Despite an extensive public information campaign only three in ten people living in the areas piloting the NHS Summary Care Record (SCR) have heard about the programme, according to a study published on bmj.com today.
Several areas in England (of which three were studied) have been piloting the SCR, an electronic summary of a patient’s medical record accessible to NHS staff via the internet, and HealthSpace, an internet based personal health organiser from which patients can view their own SCR.
The English government is about to roll out the programme nationwide. Patients who do not want an SCR have to actively opt out. The programme has proved controversial with a range of alleged benefits and drawbacks, from better clinical care and fewer medical errors to high costs and threats to confidentiality.
Researchers from University College London set out to document the views of patients and the public towards the SCR in three pilot areas. Focusing particularly on people with low health literacy, potentially stigmatising conditions, or those with difficulty accessing healthcare, they carried out 103 interviews with people who had recently used the health service in their area, and held seven focus groups with people recruited from voluntary sector organisations.
They found that even though nearly all of the local population had received a letter informing them about the SCR being introduced in their area, most were not actually aware of either the SCR or HealthSpace. Many wrongly believed that electronic records were already shared between health professionals.

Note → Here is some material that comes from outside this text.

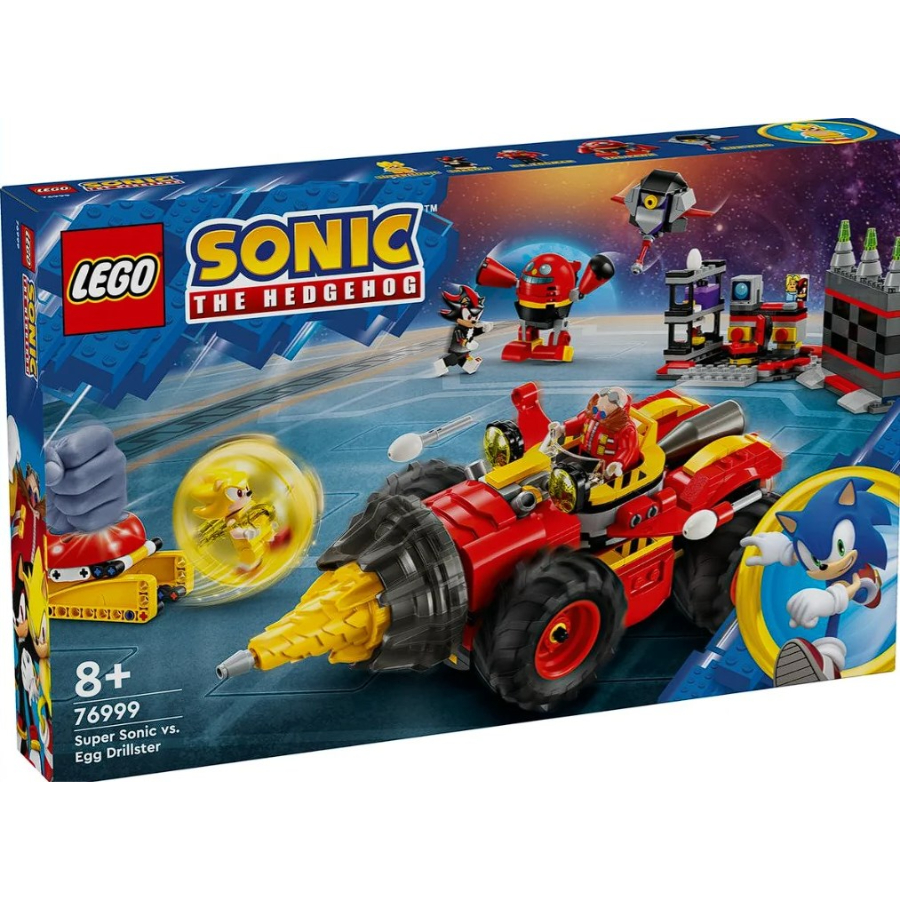 LEGO Sonic Super Sonic Vs Egg Drillster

Two thirds of people were positive about the SCR and happy not to opt out. But very few were totally in favour of the idea. For most people, say the researchers, the decision about whether to have an SCR was dependent on their own personal experience and involved a process of weighing the positive against the negative.
The most common perceived benefits of the SCR included having medical details safely and consistently in one place and not having to fill out forms or remember what medication they were taking. The latter was particularly important for people with a low health literacy. The most common perceived drawbacks were inappropriate people having access to their records or security breaches.

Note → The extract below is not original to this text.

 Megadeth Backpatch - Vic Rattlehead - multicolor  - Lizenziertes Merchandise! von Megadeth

People with complex health problems or who’d had adverse drug reactions tended to view the SCR positively. People who had been victims of mistaken identity or identity fraud tended to be the most opposed to the SCR.
Most people were not interested in a HealthSpace account with some describing it as ‘pointless’ and ‘irrelevant’. The overwhelming reason for people not wanting a HealthSpace account was a lack of interest in their own health record.
Although most patients wanted to have an SCR, they also wanted to control who had access to it at the point of care. This led the researchers to conclude that it would be more pragmatic and ethical if the mode of consent were to change from ‘opt out’ where anyone with a ‘legitimate relationship’ can view the record, to a ‘consent to view’ model.